I am now finishing up week 3 of working one full-time job and two-part time jobs and I’m in love all over again. Yes I am tired, yes I wish some days I didn’t work EVERY DAY, but God was working. He answered my prayers in a way I truly could not imagine. I had not planned to accept both positions at the time but they were opportunities that just do not come around often. So here I am, surviving and thriving and working harder than I ever have. Pretty damn happy about it if I do say so myself.
In just the last 3 weeks I have learned a little more about my self. My love to work is what motivates me. When that love starts to dwindle so does my motivation. Challenges are what keep me going. If I am not accomplishing something I feel as if I’m doing “nothing”. This is not the case at all, but my mind sure is a trickster and will certainly try to fool me if it can. I have reached the point in my life where I can control my thoughts pretty well and only allow myself to focus on things that are motivating and peaceful. I have been able to use my time more wisely and make the very best of every second I get in a day. There is no more lying around and moping; I get up everyday and handle business. I mean there is no time for being lazy when you’ve only got a few hours.
I have met so many wonderful people who support my love to work and my love for people. Plus people have gotten to see the side of me that truly just loves to learn. I have truly gained knowledge and experiences in the last 3 weeks that most would die for. I do not have schooling in these areas so for the chance to do what I get to do is one in a million. I am incredibly thankful also. My gratefulness screams daily, cause I’m really not sure what I did to deserve all these opportunities. Except I stayed faithful & diligent.

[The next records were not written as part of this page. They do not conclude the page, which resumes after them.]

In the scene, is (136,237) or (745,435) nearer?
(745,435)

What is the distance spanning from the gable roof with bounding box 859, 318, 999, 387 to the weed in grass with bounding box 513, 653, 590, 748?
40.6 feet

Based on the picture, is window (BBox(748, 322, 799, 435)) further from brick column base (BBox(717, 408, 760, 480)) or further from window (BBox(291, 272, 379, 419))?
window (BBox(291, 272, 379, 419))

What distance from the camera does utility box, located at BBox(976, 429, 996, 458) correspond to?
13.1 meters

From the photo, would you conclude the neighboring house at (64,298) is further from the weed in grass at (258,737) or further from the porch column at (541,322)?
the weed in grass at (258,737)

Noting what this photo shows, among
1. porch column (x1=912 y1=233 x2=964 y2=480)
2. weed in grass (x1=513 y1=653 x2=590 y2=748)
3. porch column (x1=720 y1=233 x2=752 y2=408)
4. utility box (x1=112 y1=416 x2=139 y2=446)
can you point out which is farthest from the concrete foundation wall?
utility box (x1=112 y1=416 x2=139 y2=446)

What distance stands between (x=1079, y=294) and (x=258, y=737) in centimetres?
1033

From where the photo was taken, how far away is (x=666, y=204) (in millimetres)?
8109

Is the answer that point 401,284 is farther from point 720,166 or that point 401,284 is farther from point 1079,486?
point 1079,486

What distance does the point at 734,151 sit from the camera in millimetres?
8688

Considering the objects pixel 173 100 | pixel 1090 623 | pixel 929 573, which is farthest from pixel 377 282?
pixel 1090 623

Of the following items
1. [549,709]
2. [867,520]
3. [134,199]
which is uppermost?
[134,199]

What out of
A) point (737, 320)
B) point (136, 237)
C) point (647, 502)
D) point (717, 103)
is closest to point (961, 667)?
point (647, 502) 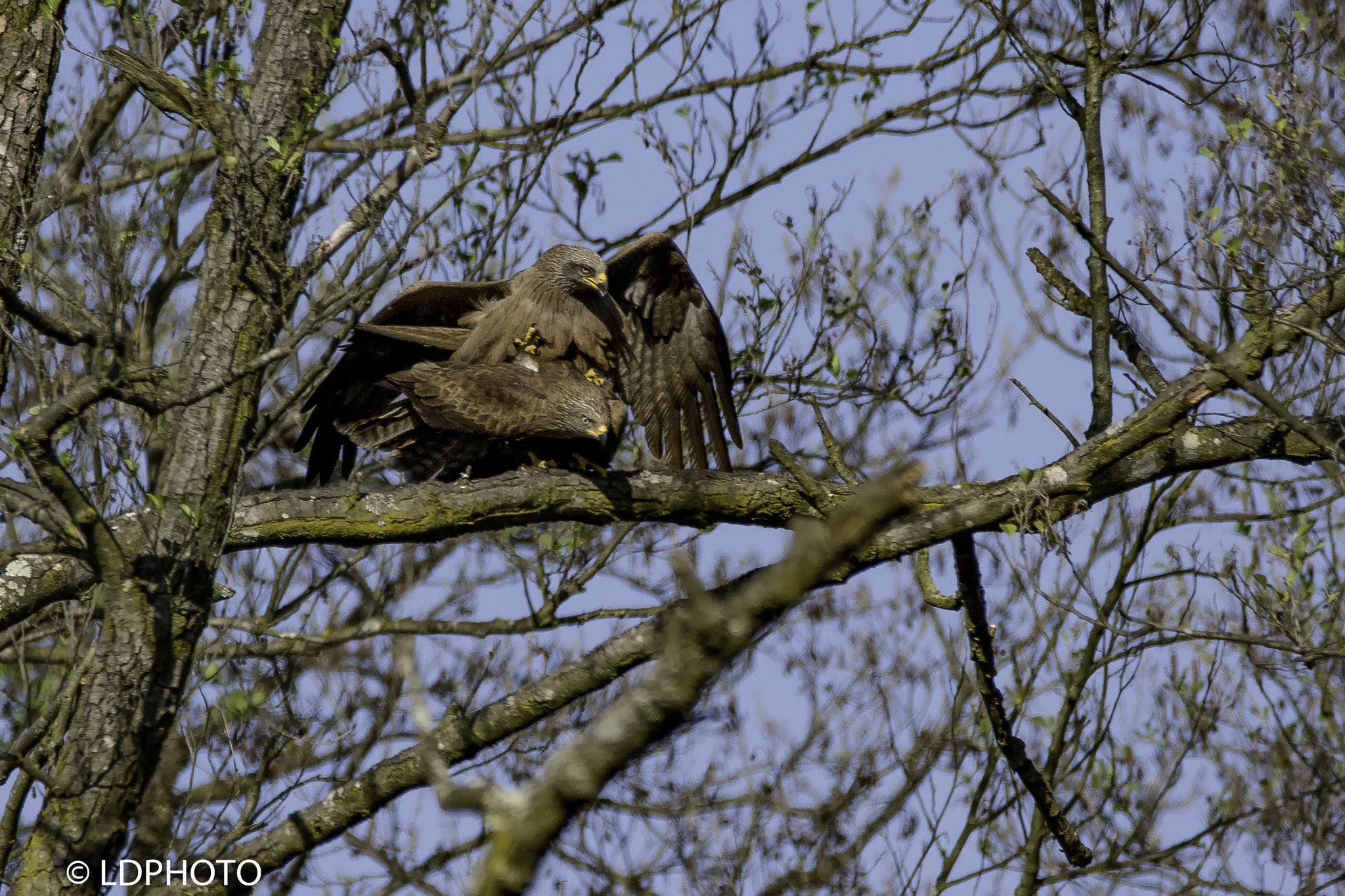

Now, I may be busy, I may not have the time for extracurricular activities anymore, and I may not get to adventure around right now as I would have liked but I’m happy. That’s a huge thing for me. To honestly just be happy exactly where I am doing what I do. I’m living my best life; learning and gaining knowledge that I never thought I would get the chance to. This will all truly help push me to be the best nurse, business owner, friend, and coworker in the future.
I know that the stepping-stones to get to where I need to go are not ending. I know that the light I see may not be the end of the tunnel but I’m excited for the adventure and those steps ahead. Because whoa boy, God’s plan for my life is a lot bigger than I could have ever imagined.
I’m falling right into the exact places I need to, to share God’s love, to open the eyes in the community, and to help others.
I may not have that degree yet, but it’s coming and for now I’ll continue to water my grass here on this side of life right now. I’ll continue to work towards those goals while giving God the go ahead to uproot me when necessary and put me in just the right spots in the world.
The reward and blessings that have come and are coming are insurmountable.